At the next class meeting, Abbate, thinking that other students might have thoughts similar to the one who approached her, decided to address such concerns directly. She mentioned the objection, described her replies to it, elaborated on the criticisms of the study the student had been referencing… and noted that class time is limited and that there isn’t time to adequately discuss all topics of interest.
A couple of weeks later, Marquette associate political science professor John McAdams wrote a blog post about the incident. He apparently based his post solely on the report of the complaining student. This is how he describes what happened in class: “She listed some issues on the board, and came to ‘gay rights.’ She then airily said that ‘everybody agrees on this, and there is no need to discuss it.’” That is not merely a condensed version of the events; it is entirely misleading.

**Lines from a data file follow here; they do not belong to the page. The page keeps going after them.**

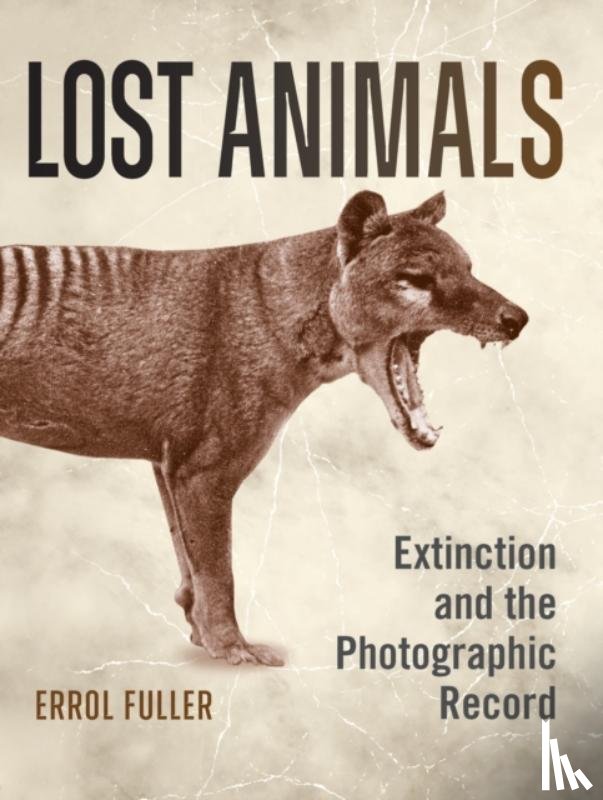 Fuller, Errol - Lost Animals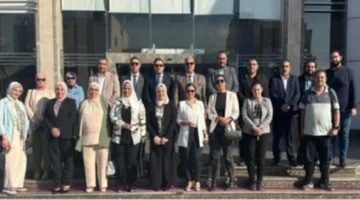 وزارة الرياضة تطلق تطبيق رقم العضوية الموحد لمنتسبي مراكز الشباب لتعزيز التنظيم والمتابعة 1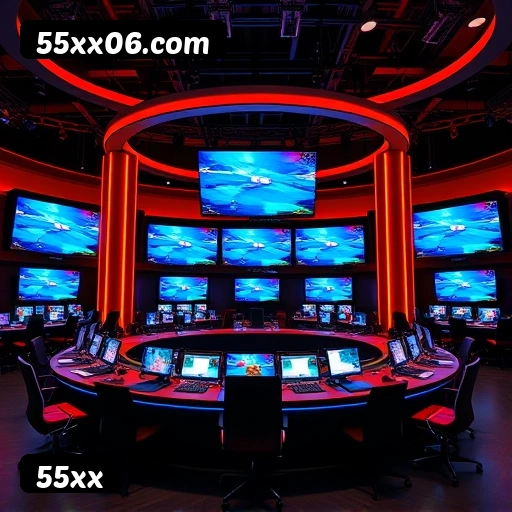 Certificações de segurança e licenças da 55xx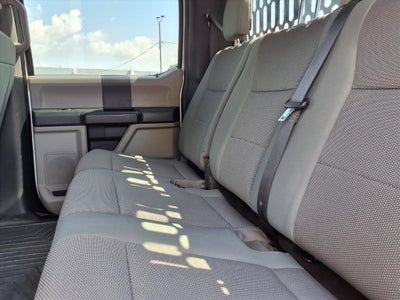 2022 Ford F-450 XL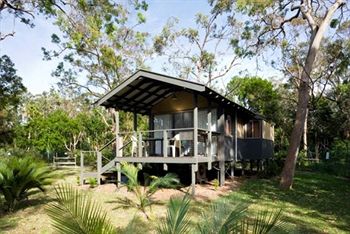 Ocean Beach Resort & Holiday Park - Hervey Bay Accommodation 13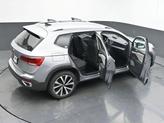 Thumbnail of 2022 Pyrite Silver Metallic Volkswagen Taos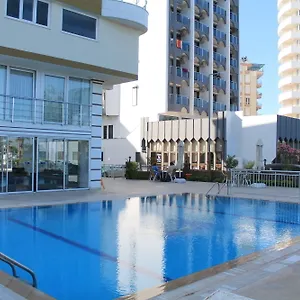 2* Aparthotel Olbia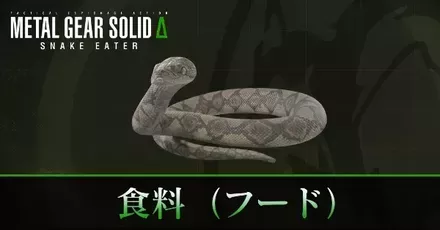 食料（フード）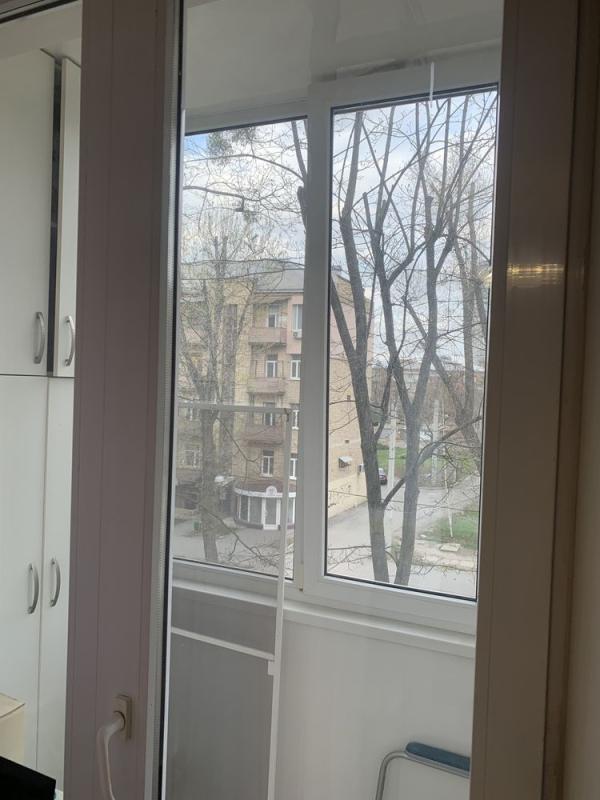 Long term rent 2 bedroom-(s) apartment Literaturna street (Yaroslava Halana Street) 5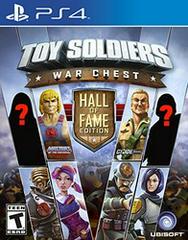 Toy Soldiers War Chest Hall of Fame Edition - Playstation 4 | Game Haven TX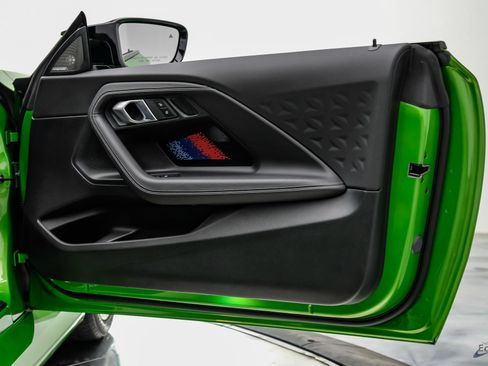 Used 2025 BMW M2 w/ Lighting Package RWD image 87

McAdams continues in his blog post to heap scorn on Abbate. He accuses her of being the type of person who thinks that “opinions with which they disagree are not merely wrong, and are not to be argued against on their merits, but are deemed ‘offensive’ and need to be shut up.” She is described as having “intolerant views.” The post rails against “the politically correct world of academia” and the idea that we should be concerned with offending people and yet laments that “Christians and Muslims are not allowed to be ‘offended’ by pro-gay comments.” He adds: “it is a free fire zone where straight white males are concerned.”
McAdams’ post led to a series of abusive and threatening emails and comments directed at Abbate.
Marquette University deemed McAdams’ behavior to be part of a pattern of unprofessional conduct in conflict with the school’s values, and at the recommendation of a faculty panel that produced a 123-page report on the case, suspended him and asked that he write a private note to Abbate saying that he regretted what had happened to her. He refused and was fired. McAdams sued, lost in circuit court, and appealed to the Wisconsin Supreme Court, which overturned the circuit court’s judgment.
The ruling states:
The University breached its contract with Dr. McAdams when it suspended him for engaging in activity protected by the contract’s guarantee of academic freedom. Therefore, we reverse the circuit court and remand this cause with instructions to enter judgment in favor of Dr. McAdams, conduct further proceedings to determine damages (which shall include back pay), and order the University to immediately reinstate Dr. McAdams with unimpaired rank, tenure, compensation, and benefits.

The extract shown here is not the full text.